New to forum. I grew up bass, speck fishing farm 13 and stickmarsh in indian river county. Just moved to the area, do they catch any around here. Read about escambia river some but dosnt seem like they catch alot there. any help would be great thanks


----------



## GROUPERKING (Sep 28, 2011)

If you put in some time on Escambia and find yourself some spots you can do pretty good.


----------



## Try'n Hard (Oct 23, 2008)

GROUPERKING said:


> If you put in some time on Escambia and find yourself some spots you can do pretty good.


Yup


----------



## basnbud (Jul 20, 2011)

lil bit muddy right now


----------



## Jason (Oct 2, 2007)

proctor12009 said:


> New to forum. I grew up bass, speck fishing farm 13 and stickmarsh in indian river county. Just moved to the area, do they catch any around here. Read about escambia river some but dosnt seem like they catch alot there. any help would be great thanks


I took a trip to Farm 13/Sticksmarsh about 19 years ago....was disappointed in the outcome. Is it still catch and release fer bass? I only caught a couple 5 lbr's! It was a purty place though!!!! :thumbsup:

Escambia river probably has a few, I primarily go into the back creeks and what not catching bream.....


----------



## proctor12009 (Jan 28, 2015)

Its still catch and release for bass. Hurricane francs and jean really took a toll on the lake. It caused tons of hydrilla to come to the surface for weeks and killed tons of large spawning bass. Never got back to the old days of catching 8 9 pounders on a daily basis. I hear lake stone is a nice lake to fish. No motors though. But thats ok with me.


----------



## Jason (Oct 2, 2007)

Stone/Hurricane/Bear/Karick are all state parks that only allow electric motors on the lakes.
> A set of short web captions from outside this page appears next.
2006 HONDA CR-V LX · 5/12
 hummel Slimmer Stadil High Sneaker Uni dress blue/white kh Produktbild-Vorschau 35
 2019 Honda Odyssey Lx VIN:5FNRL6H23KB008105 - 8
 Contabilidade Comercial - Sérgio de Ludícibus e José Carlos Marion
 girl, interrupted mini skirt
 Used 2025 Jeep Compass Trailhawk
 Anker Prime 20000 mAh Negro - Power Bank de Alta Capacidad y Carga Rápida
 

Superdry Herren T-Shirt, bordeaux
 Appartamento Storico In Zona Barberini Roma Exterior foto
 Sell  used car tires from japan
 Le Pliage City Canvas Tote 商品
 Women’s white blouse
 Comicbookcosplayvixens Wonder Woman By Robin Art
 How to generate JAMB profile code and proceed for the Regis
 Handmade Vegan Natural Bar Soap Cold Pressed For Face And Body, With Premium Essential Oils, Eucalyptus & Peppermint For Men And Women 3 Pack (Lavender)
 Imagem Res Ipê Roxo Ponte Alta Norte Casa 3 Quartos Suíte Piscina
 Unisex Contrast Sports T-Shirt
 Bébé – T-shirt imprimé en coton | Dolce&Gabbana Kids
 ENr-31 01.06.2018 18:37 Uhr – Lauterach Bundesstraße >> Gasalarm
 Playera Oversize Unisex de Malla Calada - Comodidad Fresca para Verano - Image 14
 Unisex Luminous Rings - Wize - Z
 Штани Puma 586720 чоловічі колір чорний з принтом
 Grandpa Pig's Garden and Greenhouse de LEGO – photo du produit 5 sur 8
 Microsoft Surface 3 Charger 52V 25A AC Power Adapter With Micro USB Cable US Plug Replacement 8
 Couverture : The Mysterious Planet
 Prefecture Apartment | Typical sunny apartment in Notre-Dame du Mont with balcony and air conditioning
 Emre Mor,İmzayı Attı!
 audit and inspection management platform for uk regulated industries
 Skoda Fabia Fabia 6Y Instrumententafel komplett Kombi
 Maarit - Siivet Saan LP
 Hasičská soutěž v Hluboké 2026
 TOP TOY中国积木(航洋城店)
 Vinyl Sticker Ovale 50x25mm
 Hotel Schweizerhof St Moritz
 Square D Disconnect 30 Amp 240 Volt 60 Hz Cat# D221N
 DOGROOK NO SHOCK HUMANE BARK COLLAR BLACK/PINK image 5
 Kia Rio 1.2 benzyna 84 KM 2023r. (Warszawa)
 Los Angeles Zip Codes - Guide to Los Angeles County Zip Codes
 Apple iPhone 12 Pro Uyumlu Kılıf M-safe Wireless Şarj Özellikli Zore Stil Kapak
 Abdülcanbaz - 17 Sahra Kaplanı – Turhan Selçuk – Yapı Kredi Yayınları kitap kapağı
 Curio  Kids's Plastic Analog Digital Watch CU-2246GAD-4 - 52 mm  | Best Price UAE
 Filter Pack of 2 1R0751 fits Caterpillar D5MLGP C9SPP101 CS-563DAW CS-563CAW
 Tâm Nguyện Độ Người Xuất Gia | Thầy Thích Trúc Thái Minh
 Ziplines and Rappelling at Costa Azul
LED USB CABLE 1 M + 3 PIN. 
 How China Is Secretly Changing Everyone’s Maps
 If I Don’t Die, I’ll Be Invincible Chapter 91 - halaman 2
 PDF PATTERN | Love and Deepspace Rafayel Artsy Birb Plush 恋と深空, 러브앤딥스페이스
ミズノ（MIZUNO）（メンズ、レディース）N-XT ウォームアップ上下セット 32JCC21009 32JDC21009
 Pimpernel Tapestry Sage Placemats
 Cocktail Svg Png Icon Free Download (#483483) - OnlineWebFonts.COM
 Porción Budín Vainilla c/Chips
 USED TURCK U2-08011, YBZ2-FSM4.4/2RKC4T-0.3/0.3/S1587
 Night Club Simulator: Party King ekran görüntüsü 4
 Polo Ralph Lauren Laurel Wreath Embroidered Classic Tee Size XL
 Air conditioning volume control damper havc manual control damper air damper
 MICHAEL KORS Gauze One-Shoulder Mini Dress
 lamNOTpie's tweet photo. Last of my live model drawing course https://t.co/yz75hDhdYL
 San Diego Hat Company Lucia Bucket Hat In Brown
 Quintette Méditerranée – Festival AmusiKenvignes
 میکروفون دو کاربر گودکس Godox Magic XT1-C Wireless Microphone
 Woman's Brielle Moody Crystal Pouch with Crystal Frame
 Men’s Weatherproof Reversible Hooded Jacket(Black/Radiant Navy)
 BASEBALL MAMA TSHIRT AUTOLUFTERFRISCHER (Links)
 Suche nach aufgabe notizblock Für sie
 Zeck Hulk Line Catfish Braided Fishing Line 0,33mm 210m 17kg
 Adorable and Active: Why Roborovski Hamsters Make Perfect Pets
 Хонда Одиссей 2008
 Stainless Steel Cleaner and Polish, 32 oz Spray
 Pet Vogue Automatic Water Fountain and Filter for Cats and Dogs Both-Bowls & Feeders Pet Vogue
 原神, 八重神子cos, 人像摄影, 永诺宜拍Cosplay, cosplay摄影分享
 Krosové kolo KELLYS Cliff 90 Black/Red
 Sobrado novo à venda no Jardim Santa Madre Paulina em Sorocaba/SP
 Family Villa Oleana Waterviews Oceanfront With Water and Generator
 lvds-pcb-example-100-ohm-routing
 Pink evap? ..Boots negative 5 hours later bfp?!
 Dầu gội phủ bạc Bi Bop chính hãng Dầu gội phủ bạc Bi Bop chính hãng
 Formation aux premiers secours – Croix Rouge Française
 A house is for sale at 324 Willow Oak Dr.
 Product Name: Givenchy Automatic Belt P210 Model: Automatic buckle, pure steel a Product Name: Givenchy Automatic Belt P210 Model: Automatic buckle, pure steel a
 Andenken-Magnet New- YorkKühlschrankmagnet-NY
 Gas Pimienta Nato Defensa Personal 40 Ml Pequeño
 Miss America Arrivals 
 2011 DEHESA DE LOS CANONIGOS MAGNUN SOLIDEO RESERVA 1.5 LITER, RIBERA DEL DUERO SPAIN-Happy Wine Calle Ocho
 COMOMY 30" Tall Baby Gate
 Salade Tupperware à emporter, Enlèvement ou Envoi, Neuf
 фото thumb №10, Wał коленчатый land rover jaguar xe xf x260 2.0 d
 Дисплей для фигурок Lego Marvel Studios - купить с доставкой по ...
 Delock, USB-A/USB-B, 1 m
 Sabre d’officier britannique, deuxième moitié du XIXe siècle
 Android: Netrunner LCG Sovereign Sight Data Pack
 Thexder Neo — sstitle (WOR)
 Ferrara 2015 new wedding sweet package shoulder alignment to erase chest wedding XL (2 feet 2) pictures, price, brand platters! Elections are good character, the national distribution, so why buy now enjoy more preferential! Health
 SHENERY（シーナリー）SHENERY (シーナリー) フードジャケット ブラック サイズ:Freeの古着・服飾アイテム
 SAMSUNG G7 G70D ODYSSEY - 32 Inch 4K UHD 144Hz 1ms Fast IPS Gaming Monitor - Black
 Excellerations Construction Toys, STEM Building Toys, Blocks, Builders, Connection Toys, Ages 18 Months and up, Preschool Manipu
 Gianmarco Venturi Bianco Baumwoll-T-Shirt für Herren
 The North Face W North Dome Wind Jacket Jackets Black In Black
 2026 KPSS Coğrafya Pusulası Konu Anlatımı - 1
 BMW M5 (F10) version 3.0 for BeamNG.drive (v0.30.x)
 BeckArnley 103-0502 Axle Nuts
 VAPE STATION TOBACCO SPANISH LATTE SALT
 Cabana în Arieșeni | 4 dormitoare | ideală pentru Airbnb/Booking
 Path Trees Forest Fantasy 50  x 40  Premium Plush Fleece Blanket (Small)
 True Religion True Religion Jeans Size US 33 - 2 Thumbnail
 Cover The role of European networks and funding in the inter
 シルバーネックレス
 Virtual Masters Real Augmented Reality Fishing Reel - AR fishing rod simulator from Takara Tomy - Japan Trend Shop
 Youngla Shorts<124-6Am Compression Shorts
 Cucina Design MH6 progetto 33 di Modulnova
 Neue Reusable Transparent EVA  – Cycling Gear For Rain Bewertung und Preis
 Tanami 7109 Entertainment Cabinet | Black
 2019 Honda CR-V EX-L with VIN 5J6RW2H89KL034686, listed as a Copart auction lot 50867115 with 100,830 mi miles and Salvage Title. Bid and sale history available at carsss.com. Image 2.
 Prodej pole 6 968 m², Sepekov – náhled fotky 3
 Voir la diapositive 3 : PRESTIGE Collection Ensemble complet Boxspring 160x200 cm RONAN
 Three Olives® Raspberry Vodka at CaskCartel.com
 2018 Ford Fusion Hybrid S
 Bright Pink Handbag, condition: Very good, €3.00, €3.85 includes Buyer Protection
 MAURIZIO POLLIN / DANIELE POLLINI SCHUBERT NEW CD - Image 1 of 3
Good places to fish.....I've never did great but that's fishing w/ no electronics! I have a new sled with a jam up GPS/FF so this season will be slightly different I hope!


----------



## Swampbugs (Jan 31, 2015)

Lake Talquin over near Quincy is one of the best crappie fisheries in FL. Nice little fish camps on west end if you wanna make it a weekend.


----------